### Saved entries
########

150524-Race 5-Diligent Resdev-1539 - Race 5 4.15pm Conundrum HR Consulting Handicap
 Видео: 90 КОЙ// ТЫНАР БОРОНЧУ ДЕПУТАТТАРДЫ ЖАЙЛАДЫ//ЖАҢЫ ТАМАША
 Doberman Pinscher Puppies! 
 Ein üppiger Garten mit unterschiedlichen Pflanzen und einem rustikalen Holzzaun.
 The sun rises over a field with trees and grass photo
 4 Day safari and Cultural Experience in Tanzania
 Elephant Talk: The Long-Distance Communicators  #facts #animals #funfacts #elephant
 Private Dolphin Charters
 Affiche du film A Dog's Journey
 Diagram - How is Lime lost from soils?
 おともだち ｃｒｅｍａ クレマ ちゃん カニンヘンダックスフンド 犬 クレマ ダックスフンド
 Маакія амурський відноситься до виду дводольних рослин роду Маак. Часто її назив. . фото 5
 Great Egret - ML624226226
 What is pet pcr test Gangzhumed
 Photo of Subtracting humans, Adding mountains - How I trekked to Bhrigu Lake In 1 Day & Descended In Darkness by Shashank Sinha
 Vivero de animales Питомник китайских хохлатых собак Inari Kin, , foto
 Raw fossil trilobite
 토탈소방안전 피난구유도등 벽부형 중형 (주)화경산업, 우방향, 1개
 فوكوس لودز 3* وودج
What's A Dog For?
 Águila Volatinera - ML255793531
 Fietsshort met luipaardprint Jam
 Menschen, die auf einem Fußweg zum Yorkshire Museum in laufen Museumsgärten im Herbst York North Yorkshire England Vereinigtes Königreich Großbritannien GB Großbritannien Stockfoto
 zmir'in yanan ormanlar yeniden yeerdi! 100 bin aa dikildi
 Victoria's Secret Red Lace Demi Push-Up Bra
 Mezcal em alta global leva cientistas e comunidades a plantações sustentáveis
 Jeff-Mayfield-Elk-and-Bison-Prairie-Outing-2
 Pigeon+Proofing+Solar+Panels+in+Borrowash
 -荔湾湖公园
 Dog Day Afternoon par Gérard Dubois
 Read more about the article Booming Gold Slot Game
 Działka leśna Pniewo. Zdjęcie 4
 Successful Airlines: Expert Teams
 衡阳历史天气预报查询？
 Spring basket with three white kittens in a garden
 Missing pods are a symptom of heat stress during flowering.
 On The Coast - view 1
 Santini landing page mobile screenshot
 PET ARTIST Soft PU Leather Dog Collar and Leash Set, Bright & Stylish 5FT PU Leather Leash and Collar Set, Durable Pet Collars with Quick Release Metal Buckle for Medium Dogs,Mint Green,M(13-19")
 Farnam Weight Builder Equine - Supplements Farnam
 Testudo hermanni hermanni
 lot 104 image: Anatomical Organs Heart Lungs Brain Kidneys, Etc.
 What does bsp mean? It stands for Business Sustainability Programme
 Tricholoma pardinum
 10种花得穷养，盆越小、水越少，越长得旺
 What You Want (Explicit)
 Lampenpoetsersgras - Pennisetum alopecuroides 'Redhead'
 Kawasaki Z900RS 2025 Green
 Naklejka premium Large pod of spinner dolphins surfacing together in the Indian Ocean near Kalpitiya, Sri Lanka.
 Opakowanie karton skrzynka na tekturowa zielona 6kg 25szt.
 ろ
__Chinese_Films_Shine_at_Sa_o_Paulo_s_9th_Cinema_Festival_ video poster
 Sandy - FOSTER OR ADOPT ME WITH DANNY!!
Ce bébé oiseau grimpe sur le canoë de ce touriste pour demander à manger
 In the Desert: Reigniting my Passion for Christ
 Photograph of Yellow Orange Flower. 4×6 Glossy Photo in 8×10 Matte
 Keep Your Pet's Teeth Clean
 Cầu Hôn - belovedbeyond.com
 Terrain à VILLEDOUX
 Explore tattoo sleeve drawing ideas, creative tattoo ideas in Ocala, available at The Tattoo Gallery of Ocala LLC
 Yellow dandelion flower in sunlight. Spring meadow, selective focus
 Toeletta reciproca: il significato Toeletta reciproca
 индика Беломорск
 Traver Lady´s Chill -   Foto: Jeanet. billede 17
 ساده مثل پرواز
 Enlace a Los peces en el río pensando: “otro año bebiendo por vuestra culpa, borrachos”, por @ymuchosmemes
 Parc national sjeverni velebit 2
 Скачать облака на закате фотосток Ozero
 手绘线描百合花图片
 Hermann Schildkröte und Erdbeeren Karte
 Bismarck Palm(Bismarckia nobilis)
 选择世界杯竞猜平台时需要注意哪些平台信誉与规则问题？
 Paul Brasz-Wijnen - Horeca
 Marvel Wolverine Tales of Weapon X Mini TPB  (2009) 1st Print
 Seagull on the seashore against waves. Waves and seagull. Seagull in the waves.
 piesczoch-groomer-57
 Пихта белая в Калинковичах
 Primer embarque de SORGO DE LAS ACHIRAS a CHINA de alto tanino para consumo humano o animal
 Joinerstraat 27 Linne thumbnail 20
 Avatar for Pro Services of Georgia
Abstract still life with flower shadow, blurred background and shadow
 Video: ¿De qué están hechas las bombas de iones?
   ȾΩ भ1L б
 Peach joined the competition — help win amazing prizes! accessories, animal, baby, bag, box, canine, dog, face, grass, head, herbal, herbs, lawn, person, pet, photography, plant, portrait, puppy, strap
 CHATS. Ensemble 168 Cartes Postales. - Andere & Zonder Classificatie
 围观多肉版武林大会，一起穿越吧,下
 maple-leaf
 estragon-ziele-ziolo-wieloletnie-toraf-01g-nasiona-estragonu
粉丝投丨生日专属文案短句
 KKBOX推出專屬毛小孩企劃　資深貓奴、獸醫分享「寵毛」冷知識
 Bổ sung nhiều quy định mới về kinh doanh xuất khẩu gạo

########

### PROBLEM DESCRIPTION
Write out each line of the data above again, exactly as given.

### EXERCISE OUTPUT
150524-Race 5-Diligent Resdev-1539 - Race 5 4.15pm Conundrum HR Consulting Handicap
 Видео: 90 КОЙ// ТЫНАР БОРОНЧУ ДЕПУТАТТАРДЫ ЖАЙЛАДЫ//ЖАҢЫ ТАМАША
 Doberman Pinscher Puppies! 
 Ein üppiger Garten mit unterschiedlichen Pflanzen und einem rustikalen Holzzaun.
 The sun rises over a field with trees and grass photo
 4 Day safari and Cultural Experience in Tanzania
 Elephant Talk: The Long-Distance Communicators  #facts #animals #funfacts #elephant
 Private Dolphin Charters
 Affiche du film A Dog's Journey
 Diagram - How is Lime lost from soils?
 おともだち ｃｒｅｍａ クレマ ちゃん カニンヘンダックスフンド 犬 クレマ ダックスフンド
 Маакія амурський відноситься до виду дводольних рослин роду Маак. Часто її назив. . фото 5
 Great Egret - ML624226226
 What is pet pcr test Gangzhumed
 Photo of Subtracting humans, Adding mountains - How I trekked to Bhrigu Lake In 1 Day & Descended In Darkness by Shashank Sinha
 Vivero de animales Питомник китайских хохлатых собак Inari Kin, , foto
 Raw fossil trilobite
 토탈소방안전 피난구유도등 벽부형 중형 (주)화경산업, 우방향, 1개
 فوكوس لودز 3* وودج
What's A Dog For?
 Águila Volatinera - ML255793531
 Fietsshort met luipaardprint Jam
 Menschen, die auf einem Fußweg zum Yorkshire Museum in laufen Museumsgärten im Herbst York North Yorkshire England Vereinigtes Königreich Großbritannien GB Großbritannien Stockfoto
 zmir'in yanan ormanlar yeniden yeerdi! 100 bin aa dikildi
 Victoria's Secret Red Lace Demi Push-Up Bra
 Mezcal em alta global leva cientistas e comunidades a plantações sustentáveis
 Jeff-Mayfield-Elk-and-Bison-Prairie-Outing-2
 Pigeon+Proofing+Solar+Panels+in+Borrowash
 -荔湾湖公园
 Dog Day Afternoon par Gérard Dubois
 Read more about the article Booming Gold Slot Game
 Działka leśna Pniewo. Zdjęcie 4
 Successful Airlines: Expert Teams
 衡阳历史天气预报查询？
 Spring basket with three white kittens in a garden
 Missing pods are a symptom of heat stress during flowering.
 On The Coast - view 1
 Santini landing page mobile screenshot
 PET ARTIST Soft PU Leather Dog Collar and Leash Set, Bright & Stylish 5FT PU Leather Leash and Collar Set, Durable Pet Collars with Quick Release Metal Buckle for Medium Dogs,Mint Green,M(13-19")
 Farnam Weight Builder Equine - Supplements Farnam
 Testudo hermanni hermanni
 lot 104 image: Anatomical Organs Heart Lungs Brain Kidneys, Etc.
 What does bsp mean? It stands for Business Sustainability Programme
 Tricholoma pardinum
 10种花得穷养，盆越小、水越少，越长得旺
 What You Want (Explicit)
 Lampenpoetsersgras - Pennisetum alopecuroides 'Redhead'
 Kawasaki Z900RS 2025 Green
 Naklejka premium Large pod of spinner dolphins surfacing together in the Indian Ocean near Kalpitiya, Sri Lanka.
 Opakowanie karton skrzynka na tekturowa zielona 6kg 25szt.
 ろ
__Chinese_Films_Shine_at_Sa_o_Paulo_s_9th_Cinema_Festival_ video poster
 Sandy - FOSTER OR ADOPT ME WITH DANNY!!
Ce bébé oiseau grimpe sur le canoë de ce touriste pour demander à manger
 In the Desert: Reigniting my Passion for Christ
 Photograph of Yellow Orange Flower. 4×6 Glossy Photo in 8×10 Matte
 Keep Your Pet's Teeth Clean
 Cầu Hôn - belovedbeyond.com
 Terrain à VILLEDOUX
 Explore tattoo sleeve drawing ideas, creative tattoo ideas in Ocala, available at The Tattoo Gallery of Ocala LLC
 Yellow dandelion flower in sunlight. Spring meadow, selective focus
 Toeletta reciproca: il significato Toeletta reciproca
 индика Беломорск
 Traver Lady´s Chill -   Foto: Jeanet. billede 17
 ساده مثل پرواز
 Enlace a Los peces en el río pensando: “otro año bebiendo por vuestra culpa, borrachos”, por @ymuchosmemes
 Parc national sjeverni velebit 2
 Скачать облака на закате фотосток Ozero
 手绘线描百合花图片
 Hermann Schildkröte und Erdbeeren Karte
 Bismarck Palm(Bismarckia nobilis)
 选择世界杯竞猜平台时需要注意哪些平台信誉与规则问题？
 Paul Brasz-Wijnen - Horeca
 Marvel Wolverine Tales of Weapon X Mini TPB  (2009) 1st Print
 Seagull on the seashore against waves. Waves and seagull. Seagull in the waves.
 piesczoch-groomer-57
 Пихта белая в Калинковичах
 Primer embarque de SORGO DE LAS ACHIRAS a CHINA de alto tanino para consumo humano o animal
 Joinerstraat 27 Linne thumbnail 20
 Avatar for Pro Services of Georgia
Abstract still life with flower shadow, blurred background and shadow
 Video: ¿De qué están hechas las bombas de iones?
   ȾΩ भ1L б
 Peach joined the competition — help win amazing prizes! accessories, animal, baby, bag, box, canine, dog, face, grass, head, herbal, herbs, lawn, person, pet, photography, plant, portrait, puppy, strap
 CHATS. Ensemble 168 Cartes Postales. - Andere & Zonder Classificatie
 围观多肉版武林大会，一起穿越吧,下
 maple-leaf
 estragon-ziele-ziolo-wieloletnie-toraf-01g-nasiona-estragonu
粉丝投丨生日专属文案短句
 KKBOX推出專屬毛小孩企劃　資深貓奴、獸醫分享「寵毛」冷知識
 Bổ sung nhiều quy định mới về kinh doanh xuất khẩu gạo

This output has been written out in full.